FİLİSTİN DİRENİŞİ VE MAHMUD DERVİŞ

Osmanlı Devletinin zayıflamasını fırsat bilen Batılı devletlerin desteğiyle kurulan İsrail devletinin yaklaşık yetmiş yıldır kendi devlet sınırlarını genişletmek ve "Arz-ı Mevud/Vadedilmiş Topraklar” ı ele geçirme hedefini adım adım gerçekleştirmek adına yerlerinden yuvalarından ettiği bir toplumun adıdır, Filistin. Siyonizm doktrini üzerinden Dünya üzerindeki Yahudilerin bu topraklara getirilmesi, ne yazık ki buradaki mazlum yerleşimci Filistinlilerin yurtlarından kovulmasına sebep oldu. Buna direnen ve ellerinde güçlü savunma aletleri silahı, tankı, topu olmayan Filistinliler bulabildikleri taşlarla kendilerini savunmaya çalıştılar. Her bir taşın karşılığı pek çok insanın ölümüne ve mağduriyetine sebep olan bombalar oldu. Başta Amerika olmak üzere Batılı devletlerin desteğiyle adeta silah deposu haline gelen bir devletin elinde hiçbir şey olmayan bir topluluğu yıllardır ezmekte adeta bir soykırım uygulamaktadır.
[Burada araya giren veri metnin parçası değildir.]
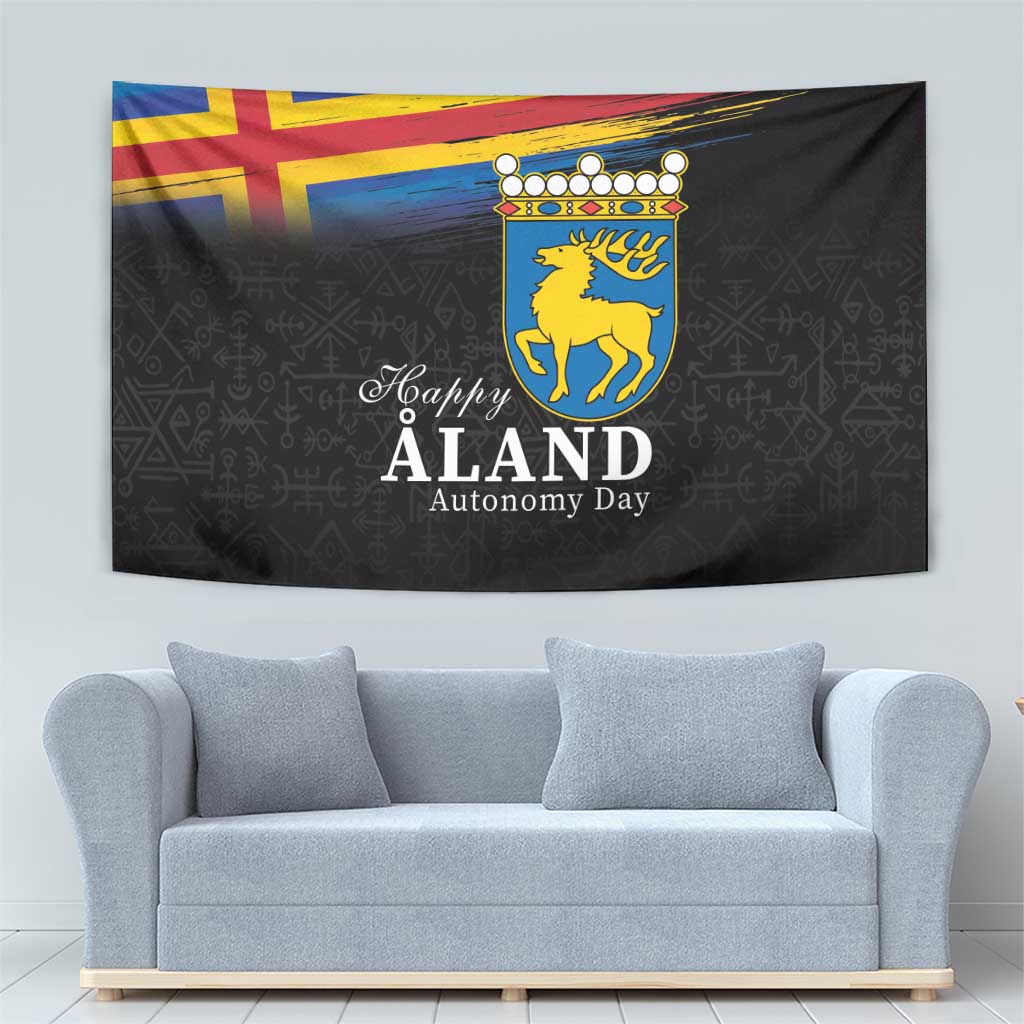 Happy Aland's Autonomy Day Tapestry Coat Of Arms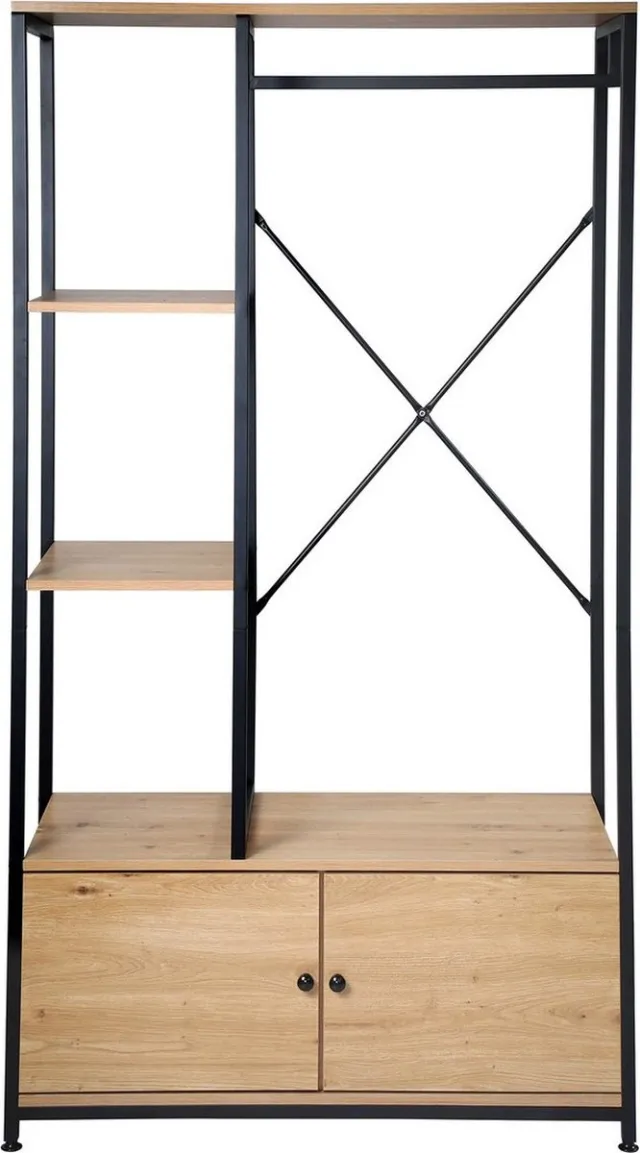 CaliCosy 2-deurs kledingkast met legplanken en opbergruimte - H167 cm eiklook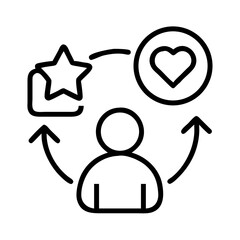 User experience feedback loop icon: star rating, heart, person, customer satisfaction, review cycle, ux design
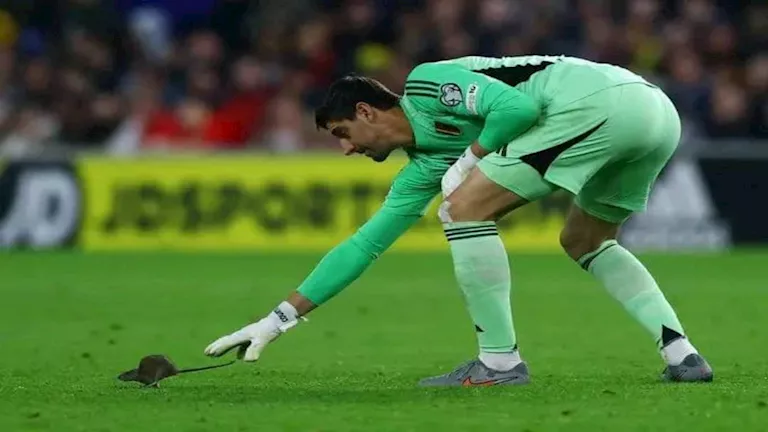 حارس بلجيكا يترك مرماه ويطارد “فأر” بتصفيات كأس العالم.. ما القصة ؟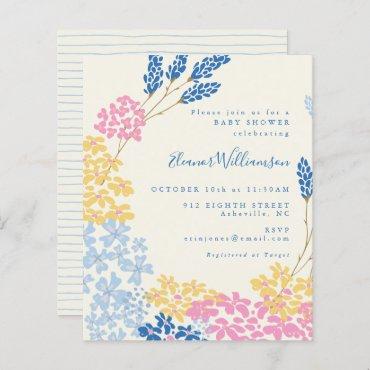 Budget Cute Blue Yellow Flowers Baby Shower Invite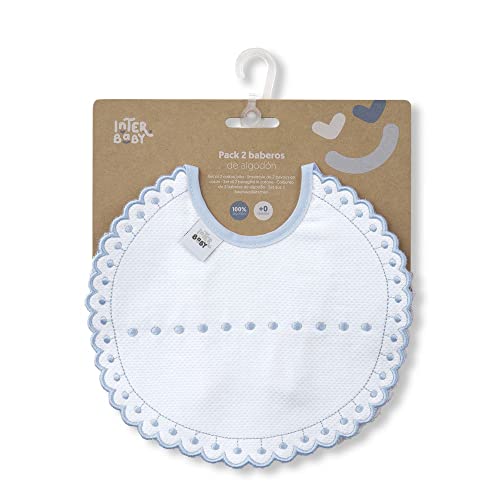 Fraldas para Bebé INTERBABY Pack 2 Baberos Redondos Piqué Rosa e Cinza Interbaby - Amamentação e alimentação - fraldas, bebé, interbaby, pack, baberos, redondos, pique, rosa, cinza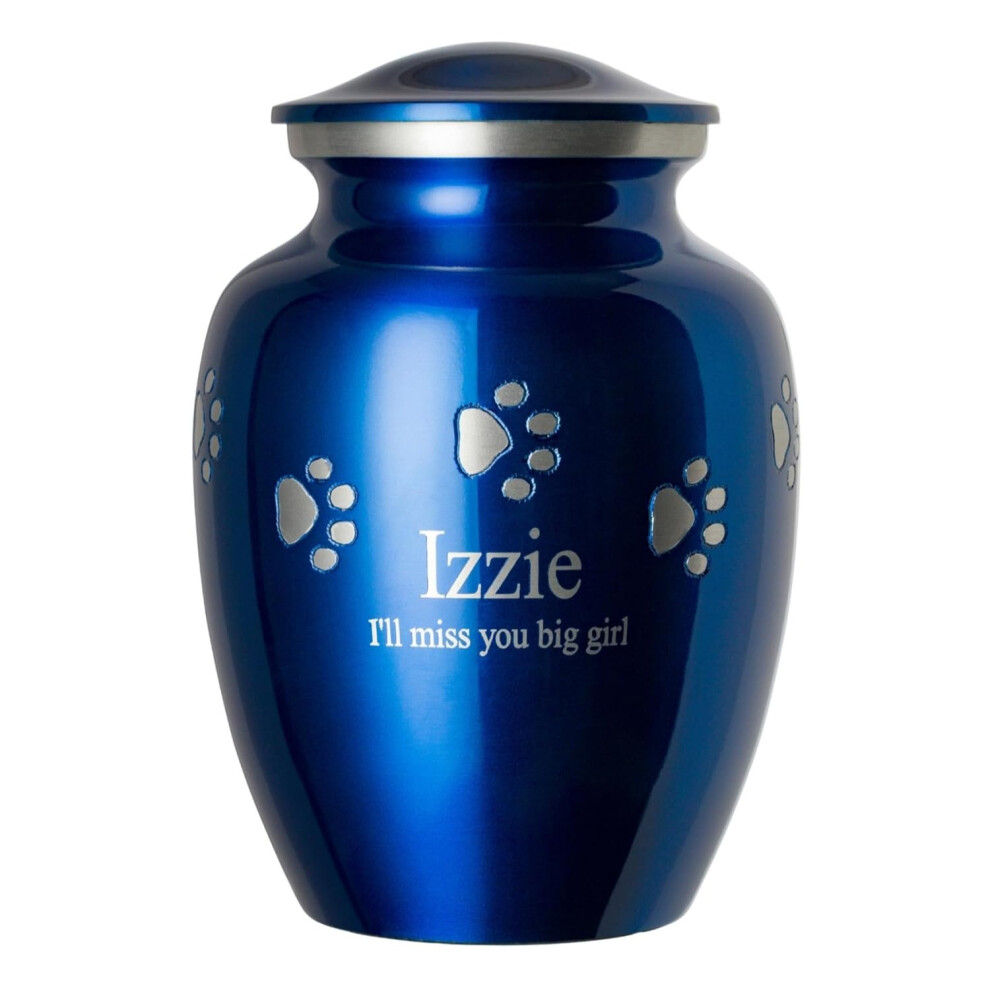 Best Friend Services Haustierurne F R Hunde Und Katzen Mit Personalisierter Lasergravur Ottillie Paws Premier Series Gedenkurnen (Gro , Saphirbla-image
Bölgede petrol geliri olan kimi ülkeler, İsrail'in devlet terörü uyguladığı bu ülke insanlarına maddi destekte bulundular. Bu destekle yılların biriktirdiği direniş ruhuyla bir çözümün üretilemediği adeta dünyanın kendilerini yok sayıp ve yok olmaya mahkum gördükleri düşüncesiyle İsraile saldırı düzenlediler. Bu saldırı yıllardır yapılanın bir sonucudur. Bu şekilde değerlendirilmelidir. Keşke bu mazlum insanlar bu kadar mağdur edilmeselerdi.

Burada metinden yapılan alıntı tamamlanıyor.